"It has been documented that the University of Arizona's utility tunnels served as esoteric and connubial classrooms, where the learning experience was extensive, but students received no credit."
A University of Arizona professor said the above. But the documentation, if it exists at all, has been elusive. The first of the utility tunnels was built in 1931; Buildings and Grounds designed it. Roy Place designed a number of others, as did Lew. Costs have varied. The tunnels carry electricity lines, telephone lines, heating conduits and in some cases, water lines. They run from building to building and their inlets to the buildings are in the basements of the structures. Access by persons wanting to make repairs or to use them for extra-curricular campus activities is simple.
The first tunnels were built by Clinton Campbell, of Phoenix, at a total cost of $49,275. Records do not show whether the cost of the first tunnels came from a single appropriation from the state Legislature, but usually, the expense of the tunnels came from buildings and grounds funds or from a single appropriation for the building concerned.

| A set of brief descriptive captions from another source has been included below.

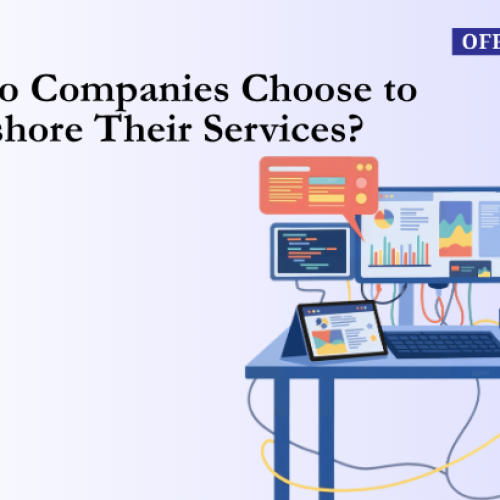 Why Do Companies Choose to Offshore Their Services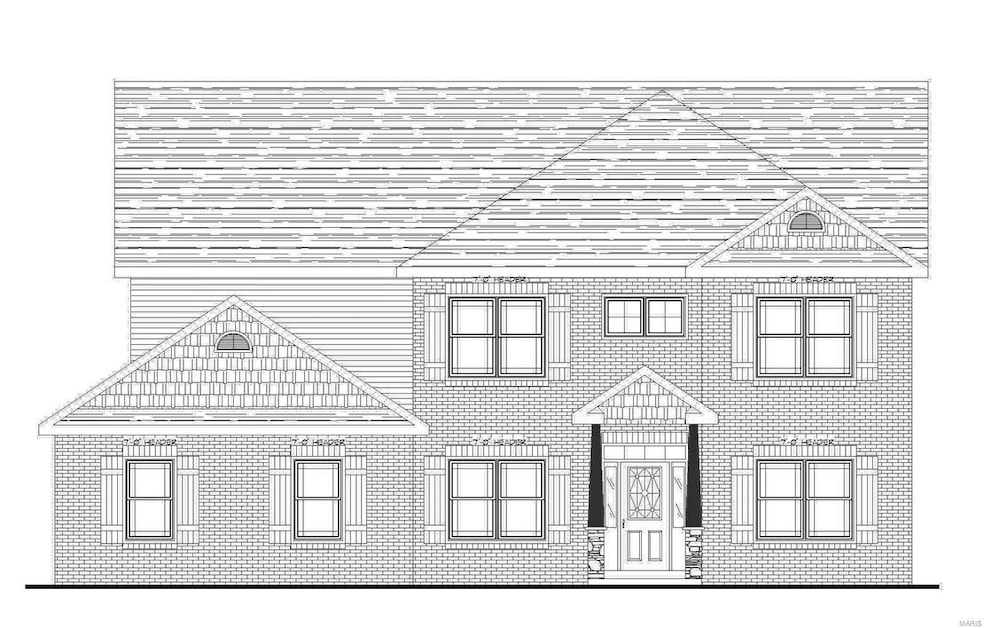 116 Blackwolf Run Ct, Caseyville, IL 62232 - photo 1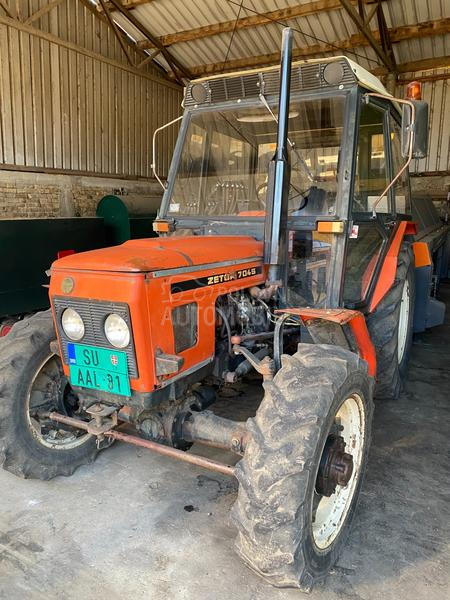 Zetor 6045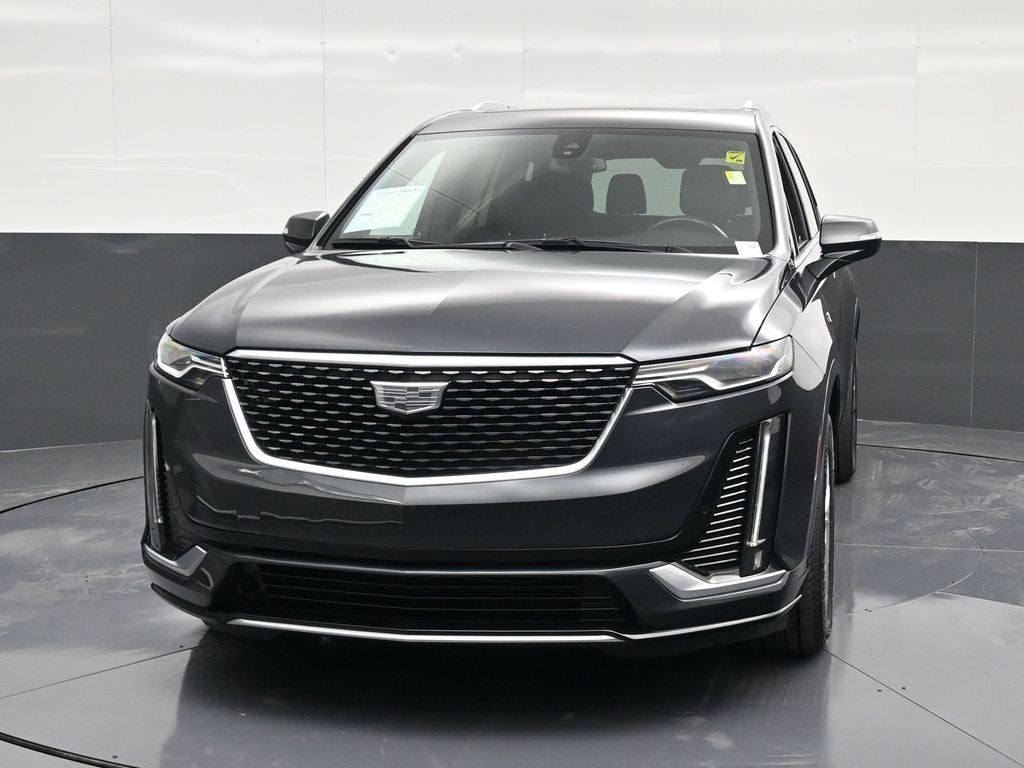 2022 Cadillac XT6 Luxury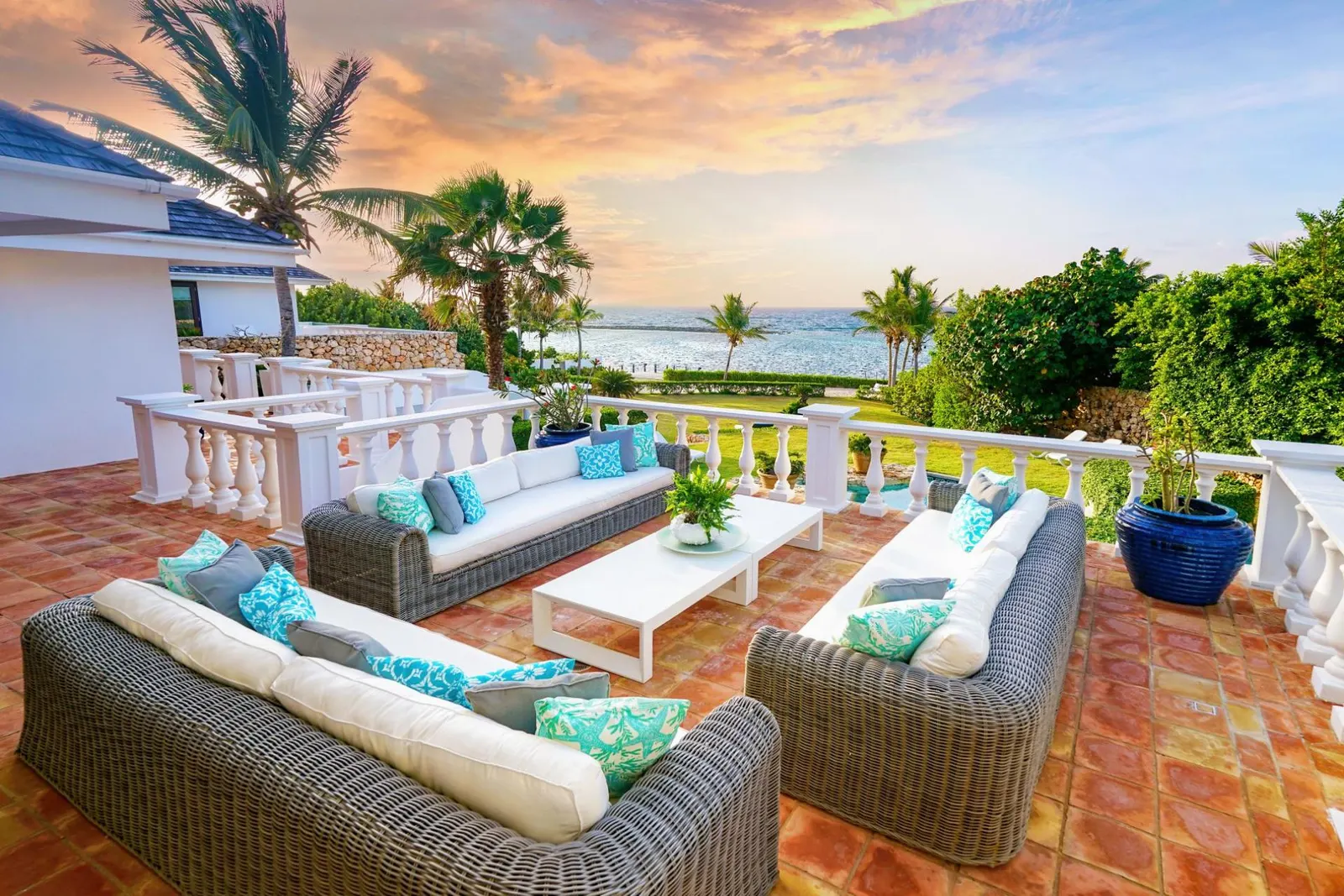 7 nopți la 10-Bedroom Villa Sleeping 20, Anguilla, fotografia 5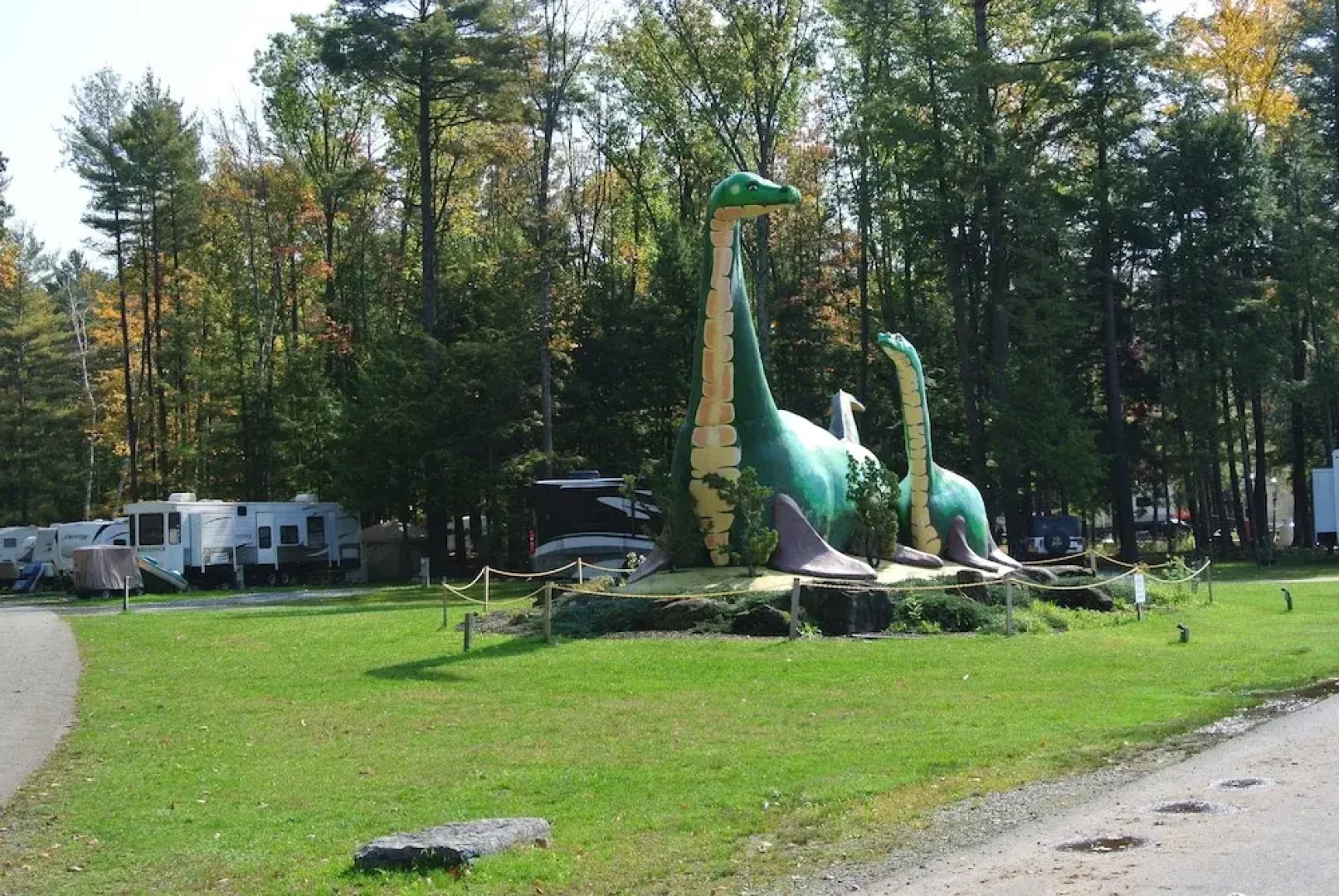 Alpine Lake RV Resort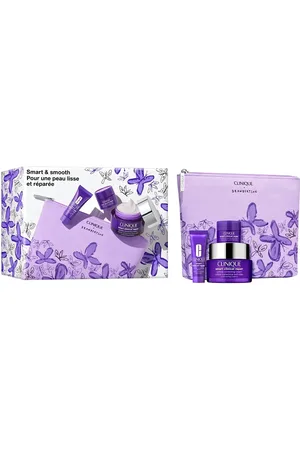 Clinique Smart Cream Value Set Ihonhoitosetti Nude
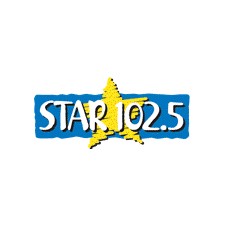 KSTZ Star 102.5 logo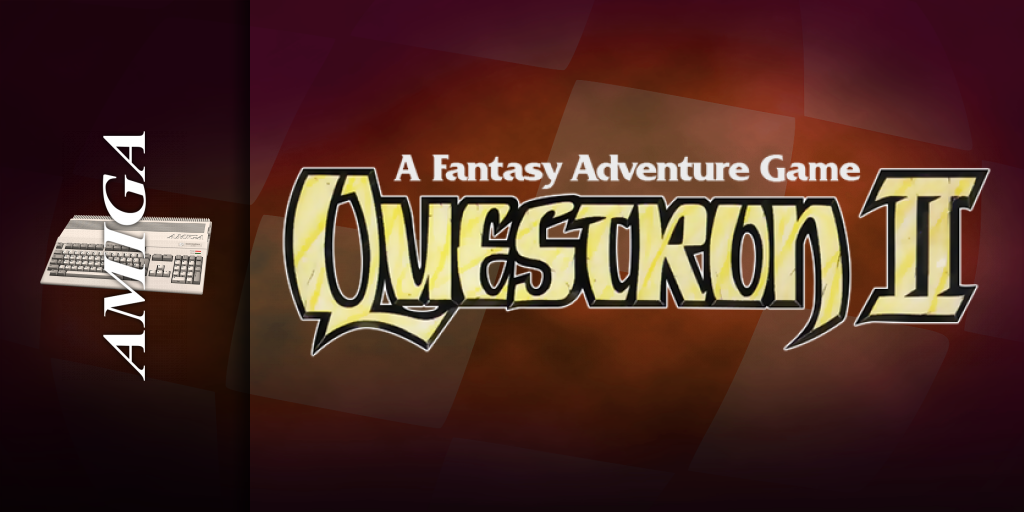 Questron II — screenmarquee (US)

Buildings and Grounds – or Physical Resources as the department is now known – could use money left over from construction for capital improvements without special authorization from the Legislature. During World War II, the tunnels were designated as bomb shelters and food and water were kept in them.
Fatal accidents have been few in UA campus construction, but during the building of the Auditorium and the State Museum, a fatality did occur. Two men, according to Lew Place, were doing some electrical work in a connecting tunnel. "Roy Place went there to take a look at it, along with Bill Bray, when one of the men came running out of the tunnel. He ran right through the end of the tunnel and was gone. The other man, it was discovered, had been electrocuted. No one on the job ever saw the man who ran again."
The tunnels were also used for girl-watching. At one time, a girls' shower room was located in the basement, so the story goes, and a grill covered the entrance to the tunnel. Girl-watchers would stand within the tunnel and watch the girls through the grill.
And they were used by male and female students. The professor who came up with the quote said, "They were the sources of some shot-gun weddings."